One important difference between OTPs and challenge/response schemes is that the first can be spoofed, and the second cannot. Suppose somebody sets up a phishing UI for KeePass, and you enter your password into it without realizing that it's not the legit one. The attacker realizes that the password isn't enough, you have MFA enabled. So far, so good.
If you use OTP, though, all the attacker needs to do is show the usual OTP entry box. You tap your Yubikey, it sends the OTP to the attacker, attacker forwards it to KeePass, and boom they've got access to your KeePass vault. If you instead use Challenge/Response, then the Yubikey's response is based on the challenge from the app. The attacker doesn't know the correct challenge to send for KeePass, so they can't spoof it.
Note that this distinction probably doesn't matter that much for a thick-client local app like KeePass, but it definitely matters for anything that does remote authentication.
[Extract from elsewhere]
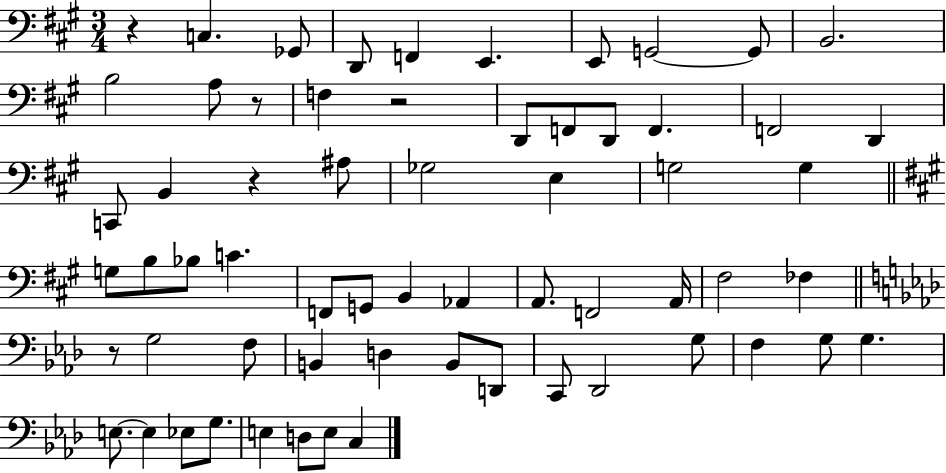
R/q C3/q. Gb2/e D2/e F2/q E2/q. E2/e G2/h G2/e B2/h. B3/h A3/e R/e F3/q R/h D2/e F2/e D2/e F2/q. F2/h D2/q C2/e B2/q R/q A#3/e Gb3/h E3/q G3/h G3/q G3/e B3/e Bb3/e C4/q. F2/e G2/e B2/q Ab2/q A2/e. F2/h A2/s F#3/h FES3/q R/e G3/h F3/e B2/q D3/q B2/e D2/e C2/e Db2/h G3/e F3/q G3/e G3/q. E3/e. E3/q Eb3/e G3/e. E3/q D3/e E3/e C3/q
For example, if you're logging into a web app like Gmail, a phishing page can spoof the login UI and the OTP UI just fine. However, a phishing page cannot spoof the challenge/response flow, because that's based on the actual site being visited, and your browser (and therefore the Yubikey) will send a different challenge even if it looks the same to you.
In fact, challenge-response systems like this are the only method I know of that provides pretty strong security against phishing attacks. Everything else involving a true second factor - OTP, SMS, even push notifications - can be spoofed, and you will take the approve the authentication check just like normal because, as far as you know, you are logging in just like normal.